The day was more humid than expected and I didn't plan accordingly and had no salt tabs. I also blew up on the road section that's used to spread out the group. I went out WAY too fast to get ahead of the not-so-seasoned trail runners and paid for it out at the Do Loop. I was fortunate enough to have a fellow ultra runner catch up to me in this section and give me 2 salt tabs (as I did to her back in 2004 (I think) in a 50k when she was in need of salt) and she was also good for conversation - upcoming races and shoes. It's the non-trail equivalent to weather and politics. She went ahead, but I tried to keep her in sight the rest of the way.

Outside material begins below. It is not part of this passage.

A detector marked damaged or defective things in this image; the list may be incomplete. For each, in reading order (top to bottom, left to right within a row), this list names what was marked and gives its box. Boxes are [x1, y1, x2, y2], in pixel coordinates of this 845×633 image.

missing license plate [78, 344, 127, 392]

I honestly considered dropping out at Fountainhead, around the 7+ mile mark. It was hot, I shouldn't have been out there, my socks were soaked with sweat, my shorts were sticking to me from sweat, and it was just a blah day. I knew the next section from having trained out there a number of times, so I just gutted it out.

I finished pretty middle of the pack, which is a step above the back of the pack I'm used to finishing in for longer trail runs. I've considered doing a few of the Backyard Burn runs in some mild attempt to get faster. It's worth a shot, but there are other ways to get faster without racing every weekend. At this point, this is my last race of the year. My focus is on rugby until November when I switch mental modes to MMT. I hope to get out on the trails just to hike on 'free' weekends, but they will be few and far between until November. Weekday runs will be on the road and I'll keep up with the usual CF workouts in between.

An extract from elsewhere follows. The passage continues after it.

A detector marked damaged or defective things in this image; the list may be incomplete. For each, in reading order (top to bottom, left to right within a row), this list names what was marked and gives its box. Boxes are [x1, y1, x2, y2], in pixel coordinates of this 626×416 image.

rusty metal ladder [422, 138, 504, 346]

Below is a picture from the start of the race. I wasn't as smiley, or as dry, 2 hrs and 42 minutes later. I don't know why it is, but the brim of my hats always look 2 feet long.

Prerace picture

Photo courtesy of arronspics

Friday, September 12, 2008

An unwelcome surprise

Having spent the last few weekends in the woods either hiking or running trails, cuts and scrapes and bug bites aren't uncommon. I'll go days with razor blade like swatches all over my legs that make me look like I enjoy self mutilation. Not like that, I don't.

Come to find out, a few days after being entrenched in the woods for 28 hours, I have a wonderful case of poison ivy. It really is pretty... all the pus pouring out of my left knee and the scabbing from all the scratching.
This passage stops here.